*** Data provided ***
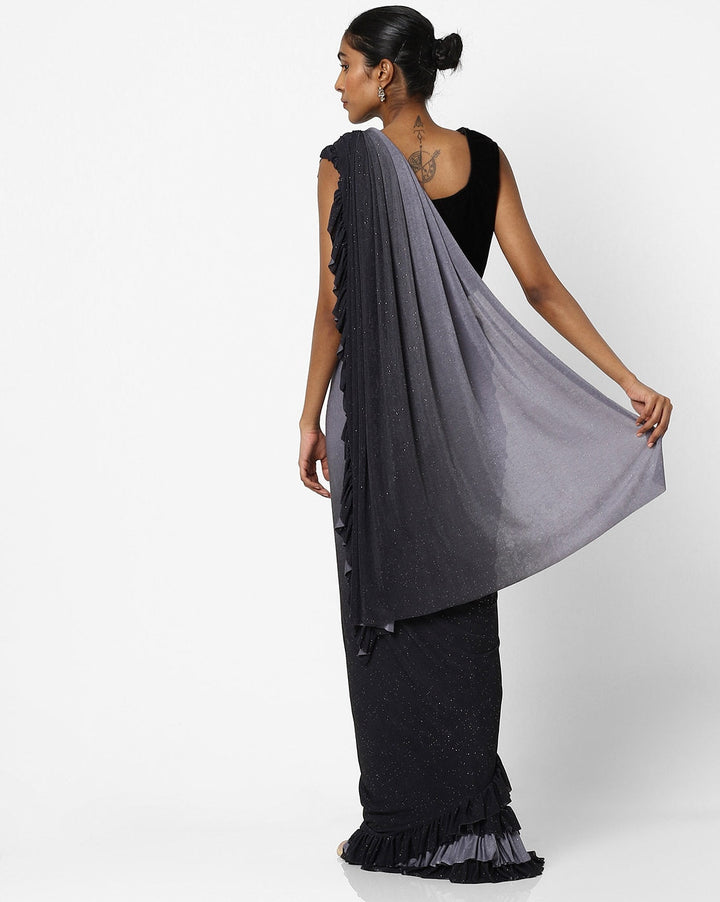 Made to Measure Grey Black rufled ombre saree & Ethnic Embroidered Valvet Blouse
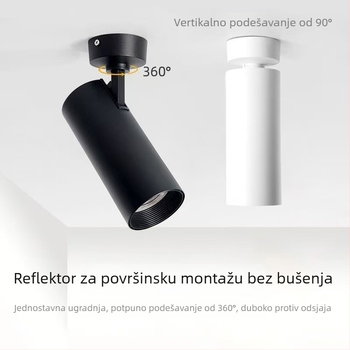 Površinski montirani LED spotovi za komercijalne pozadinske zidove, COB spotovi s podesivim kutem na stropu, novi reflektori za trgovine odjeće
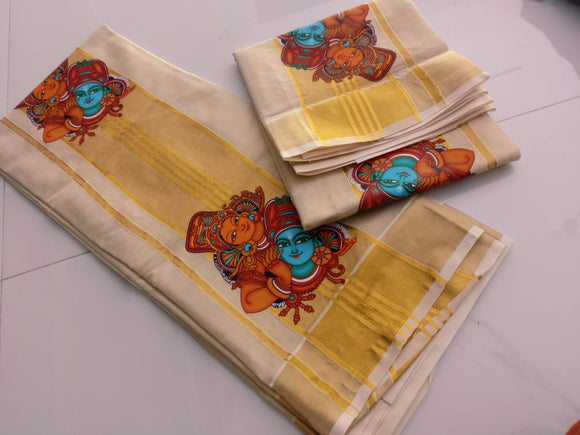 Traditional Kerala Style Radha Madhavam Design Golden tissue settumund for Onam 2024 -SAHE001SMR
*** End of Data provided ***
Problem description:
Transcribe the whole listing exactly. Pictures stay out of your copy.

Result:
 Made to Measure Grey Black rufled ombre saree & Ethnic Embroidered Valvet Blouse
 Površinski montirani LED spotovi za komercijalne pozadinske zidove, COB spotovi s podesivim kutem na stropu, novi reflektori za trgovine odjeće
 Traditional Kerala Style Radha Madhavam Design Golden tissue settumund for Onam 2024 -SAHE001SMR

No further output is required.